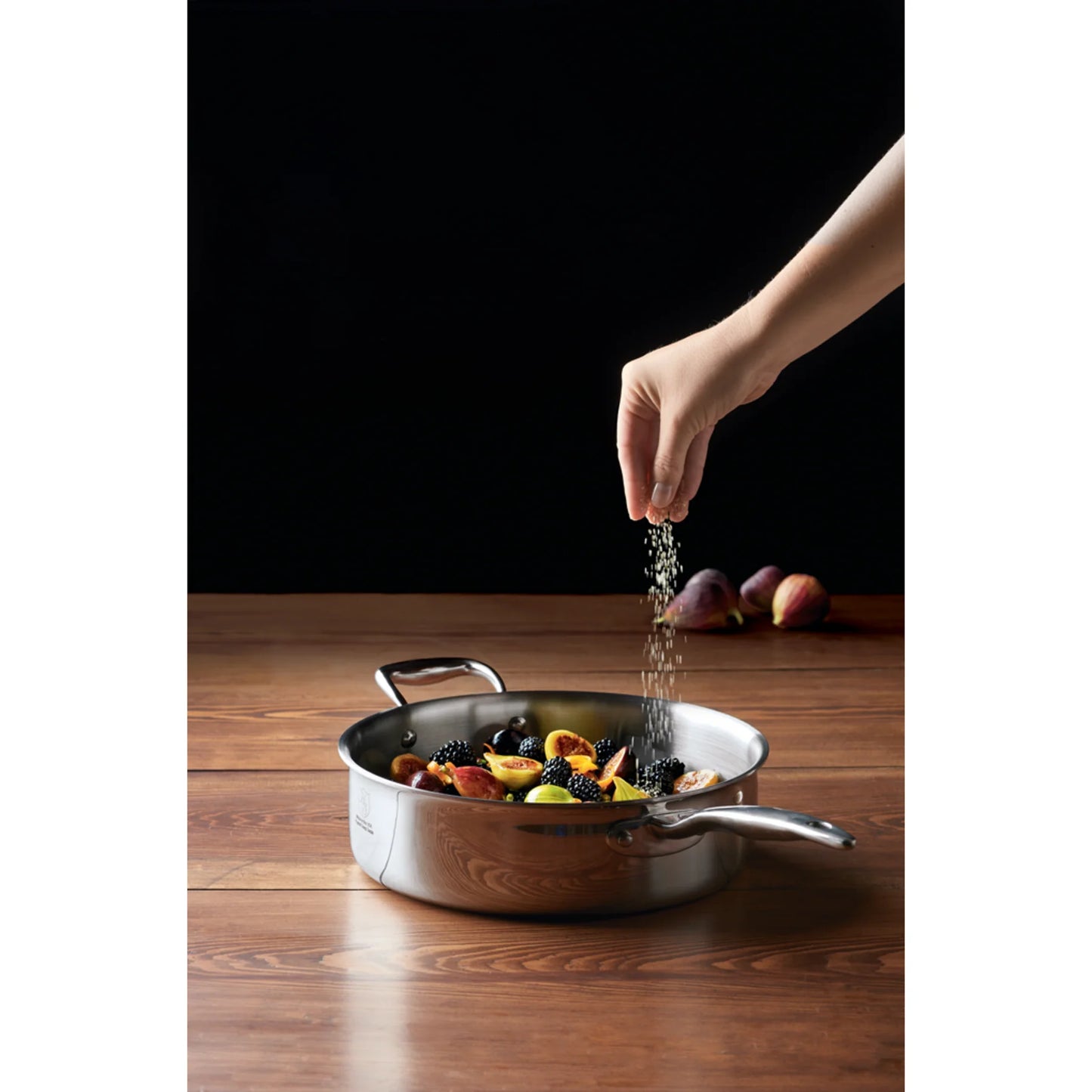 Heritage Steel Sauté with Lid, 4 Qt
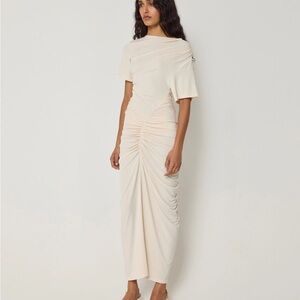 Khy x Atlein Asymmetrical Ruched Dress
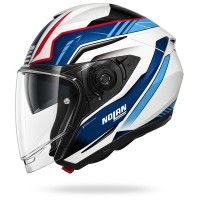 Casco Nolan N40.6 Piega Blu Rosso - img 2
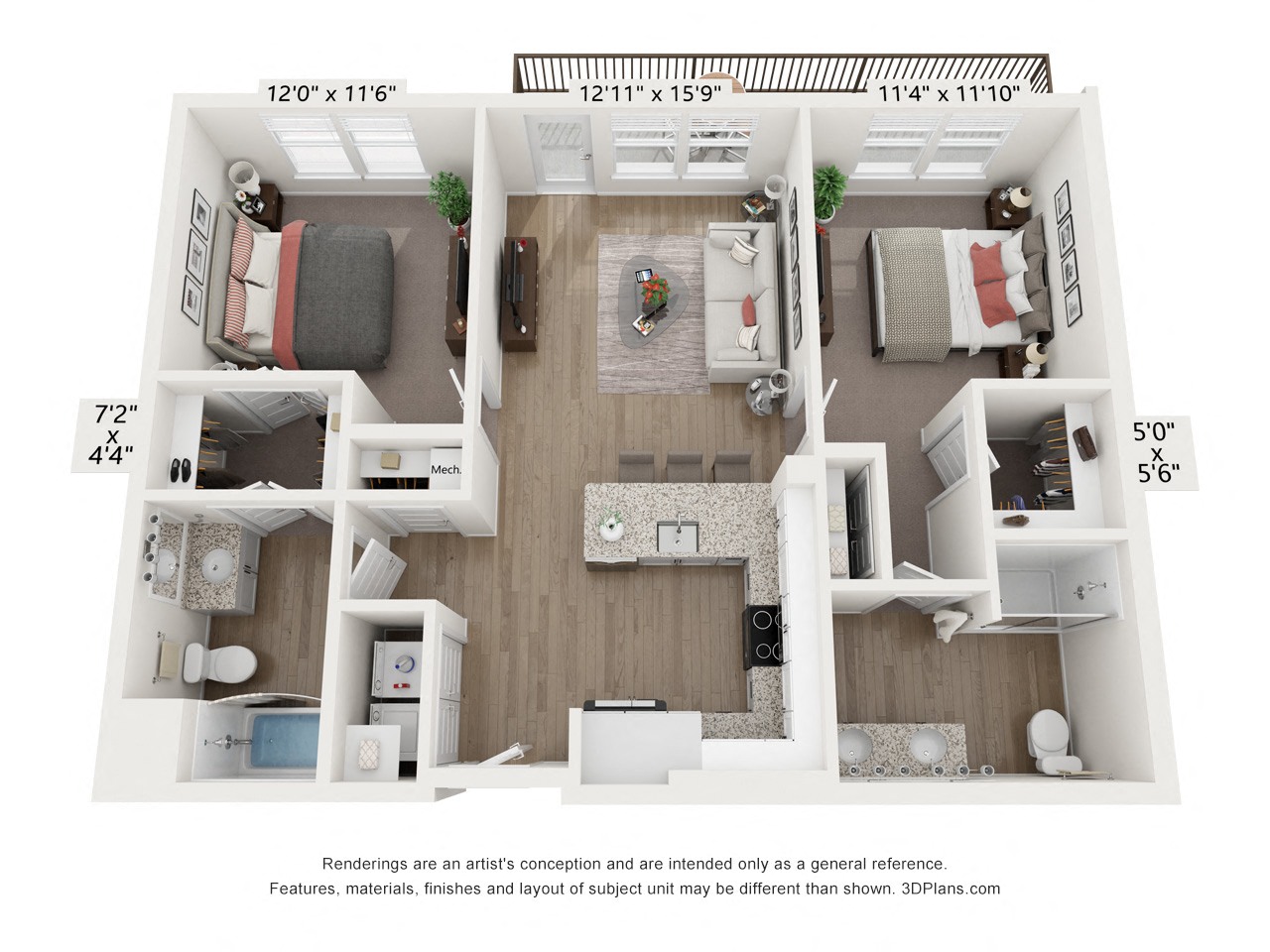 B2 - Carolina 3306 3306 floor plan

# What is required
Extract every line of the data exactly; pictures stay out.

# Solution
 Heritage Steel Sauté with Lid, 4 Qt
 Khy x Atlein Asymmetrical Ruched Dress
 Casco Nolan N40.6 Piega Blu Rosso - img 2
 B2 - Carolina 3306 3306 floor plan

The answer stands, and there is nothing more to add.